» **Task to complete**:
Go to the line holding "Dainty Bohemian stylized" in the data below and repeat it exactly, then each line after it up to and including the one holding "JIUTY Eagle With". Omit pictures.

» **Extracted entries**:

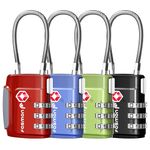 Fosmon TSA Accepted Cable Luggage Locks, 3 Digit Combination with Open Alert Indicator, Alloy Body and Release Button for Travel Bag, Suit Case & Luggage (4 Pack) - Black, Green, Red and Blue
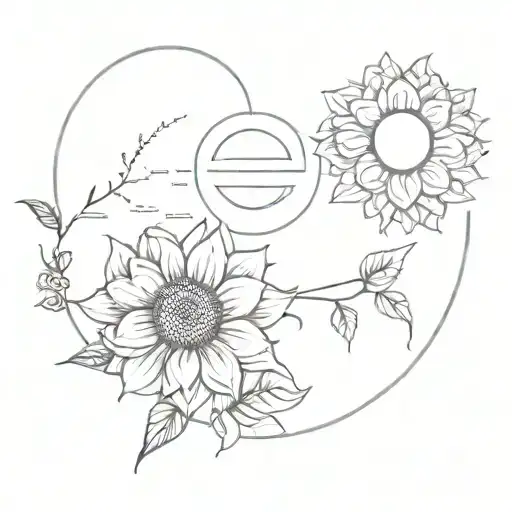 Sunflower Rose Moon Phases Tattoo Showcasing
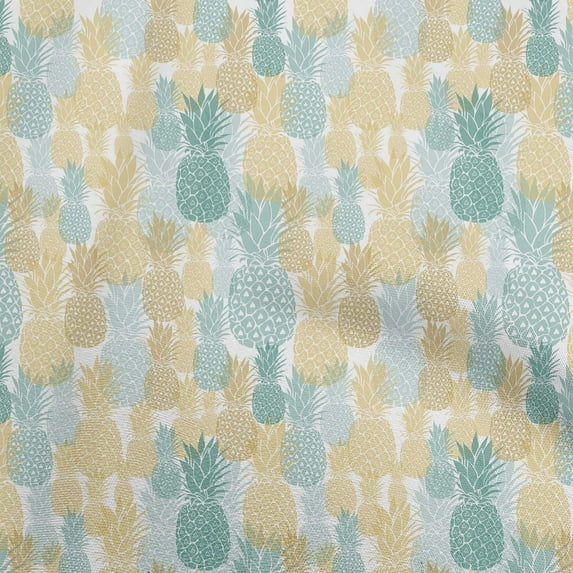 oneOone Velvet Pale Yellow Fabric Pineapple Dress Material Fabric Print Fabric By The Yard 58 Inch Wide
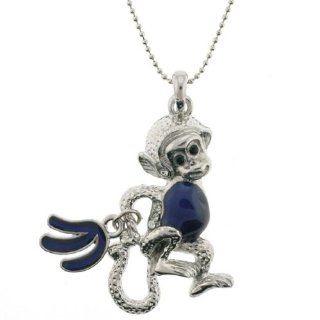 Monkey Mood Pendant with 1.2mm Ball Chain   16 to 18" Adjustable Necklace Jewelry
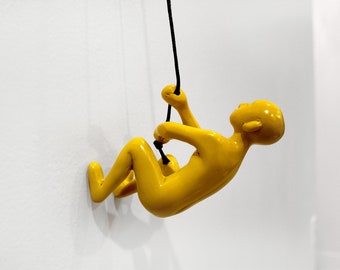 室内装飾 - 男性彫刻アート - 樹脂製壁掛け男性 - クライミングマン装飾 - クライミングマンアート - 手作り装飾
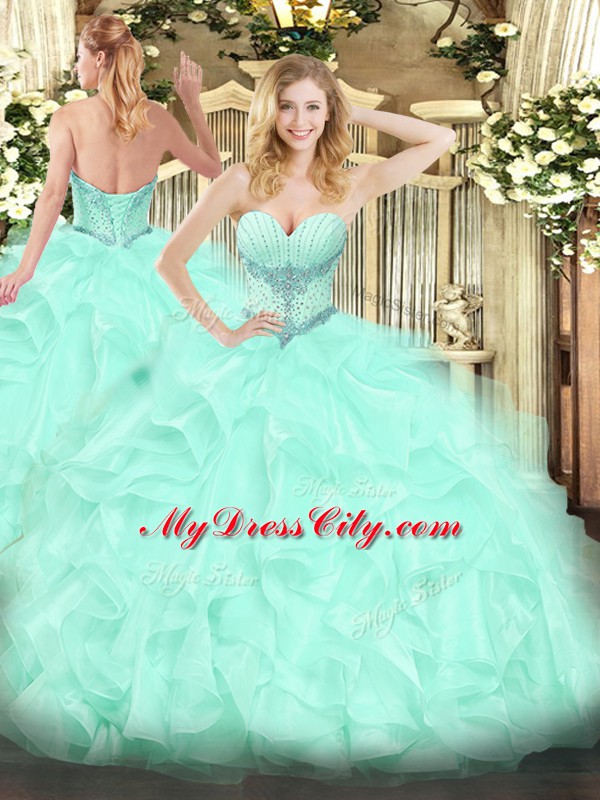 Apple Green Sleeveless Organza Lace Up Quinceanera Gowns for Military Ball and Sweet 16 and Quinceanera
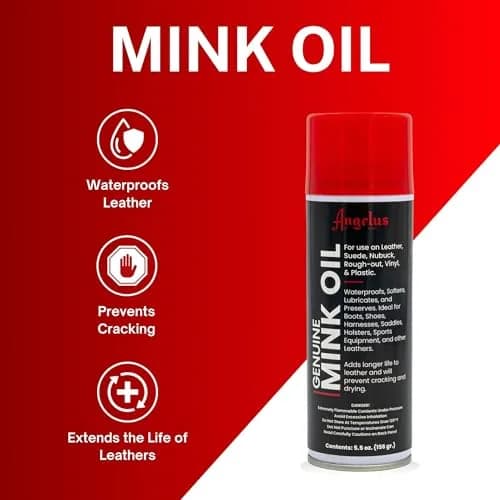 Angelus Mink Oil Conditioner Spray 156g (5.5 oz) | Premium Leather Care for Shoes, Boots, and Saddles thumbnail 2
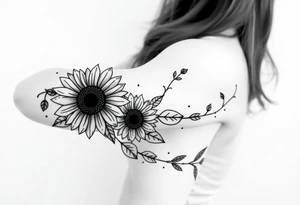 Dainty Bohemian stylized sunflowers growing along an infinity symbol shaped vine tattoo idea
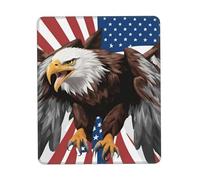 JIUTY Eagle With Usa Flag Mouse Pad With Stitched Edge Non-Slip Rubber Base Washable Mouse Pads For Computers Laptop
--
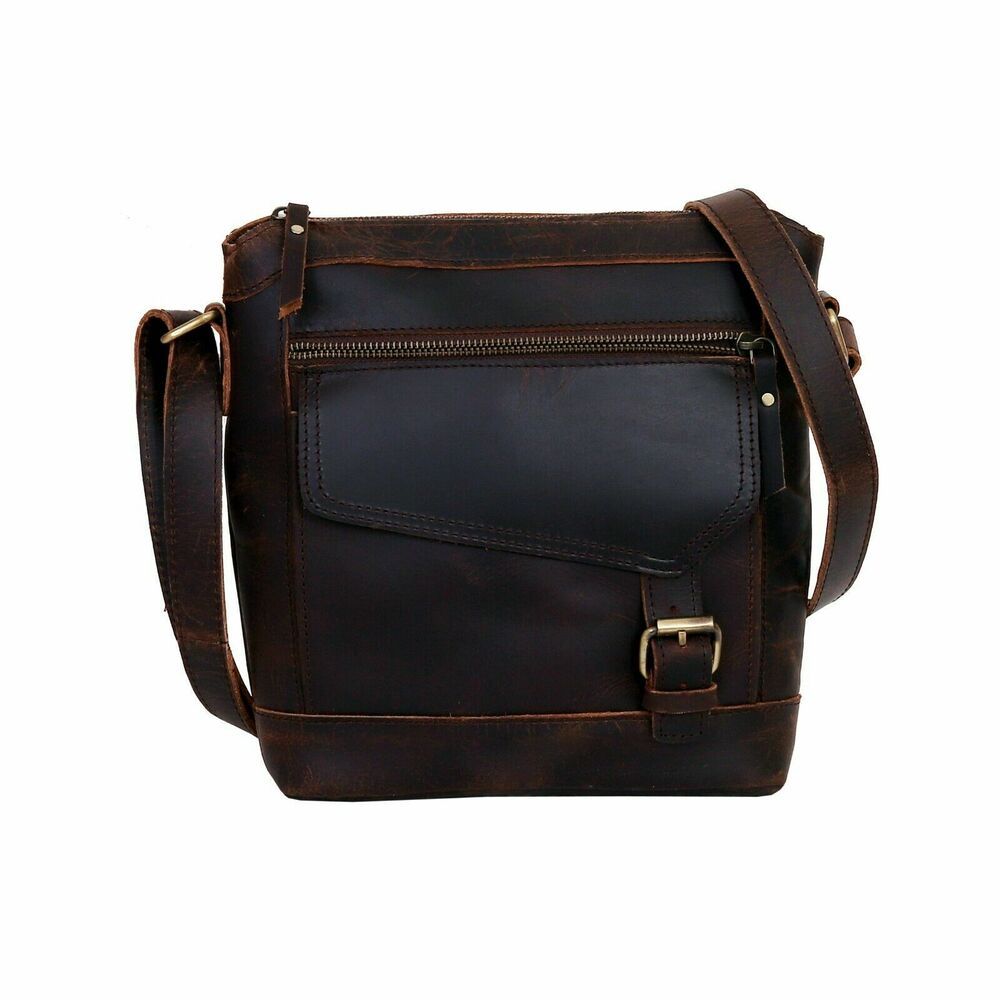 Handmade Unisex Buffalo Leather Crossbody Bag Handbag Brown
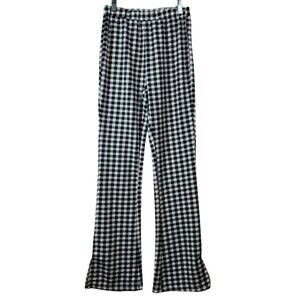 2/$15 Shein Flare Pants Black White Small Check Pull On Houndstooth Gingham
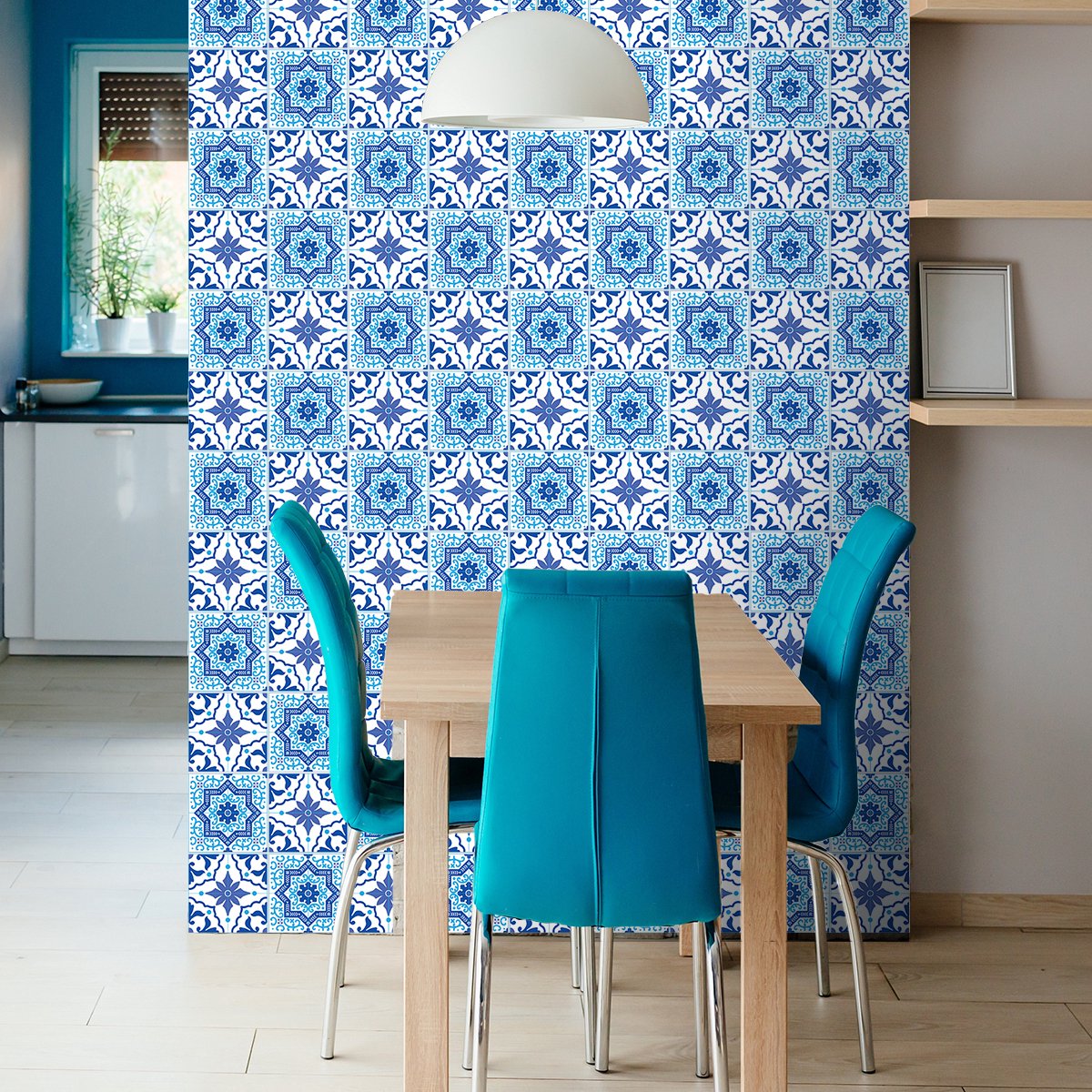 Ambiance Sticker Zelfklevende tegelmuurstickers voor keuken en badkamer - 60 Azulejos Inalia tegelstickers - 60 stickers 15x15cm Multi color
* * *
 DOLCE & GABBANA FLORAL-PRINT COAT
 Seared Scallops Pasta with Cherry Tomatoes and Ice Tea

» **Output below**:
 Dainty Bohemian stylized sunflowers growing along an infinity symbol shaped vine tattoo idea
 JIUTY Eagle With Usa Flag Mouse Pad With Stitched Edge Non-Slip Rubber Base Washable Mouse Pads For Computers Laptop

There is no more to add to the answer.